There are 10 colored balls in a box ( 5 red, 3 blue, 2 green ). What is the probability of picking out a red ball and then a blue ball ( If I do not replace the red ball )?
1/6
1/2
3/20
4/5
(5/10)(3/9)=
(1/2)(1/3)= ?
4/5?
To find the probability of picking a red ball and then a blue ball, without replacement, you need to consider the total number of ways the balls can be picked and the number of favorable outcomes.
Step 1: Find the total number of ways to pick both balls. Since there are 10 balls in total, the first ball can be any of the 10 balls. Once a red ball is picked and not replaced, there are 9 balls left, and the second ball can be any of those 9 balls.
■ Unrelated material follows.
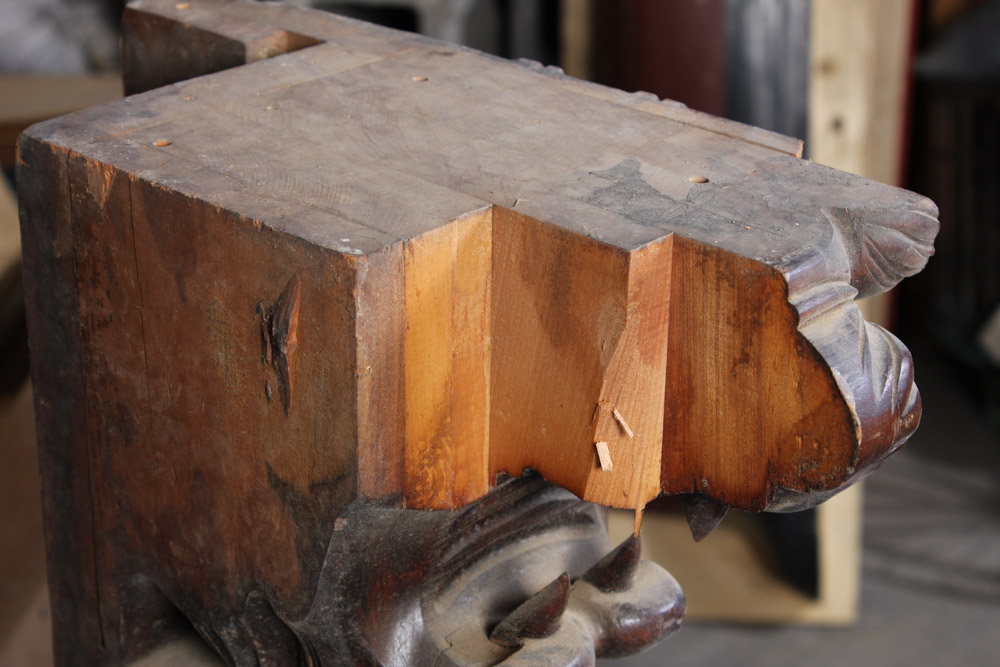 Carved Architectural Salvage with Lion Head Design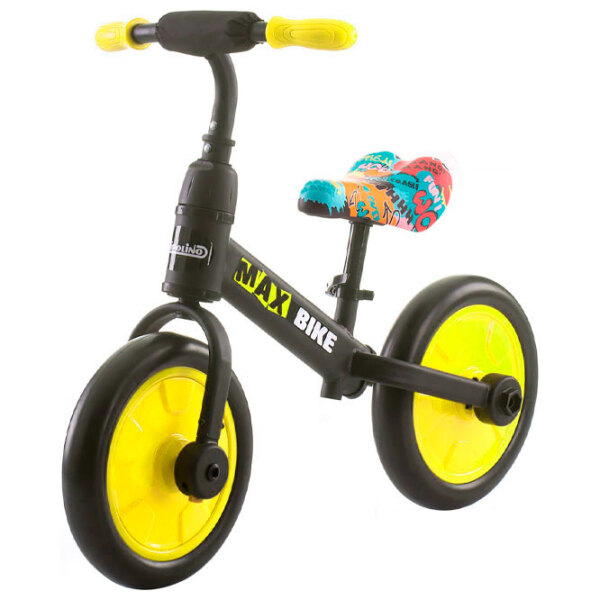 Bicicletă fără pedale Chipolino Max Bike 10" Yellow Black Metal / Pentru copii photo 3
So, the total number of ways to pick both balls is 10 * 9 = 90.
Step 2: Find the number of favorable outcomes. The first ball needs to be red, and there are 5 red balls, so there are 5 ways to pick the first ball. After picking a red ball, there are 3 blue balls remaining, so there are 3 ways to pick the second ball. Therefore, there are 5 * 3 = 15 favorable outcomes.
Step 3: Calculate the probability. The probability of an event is given by favorable outcomes divided by total outcomes. So, the probability of picking a red ball and then a blue ball is 15/90 which simplifies to 1/6.
Therefore, the correct answer is 1/6.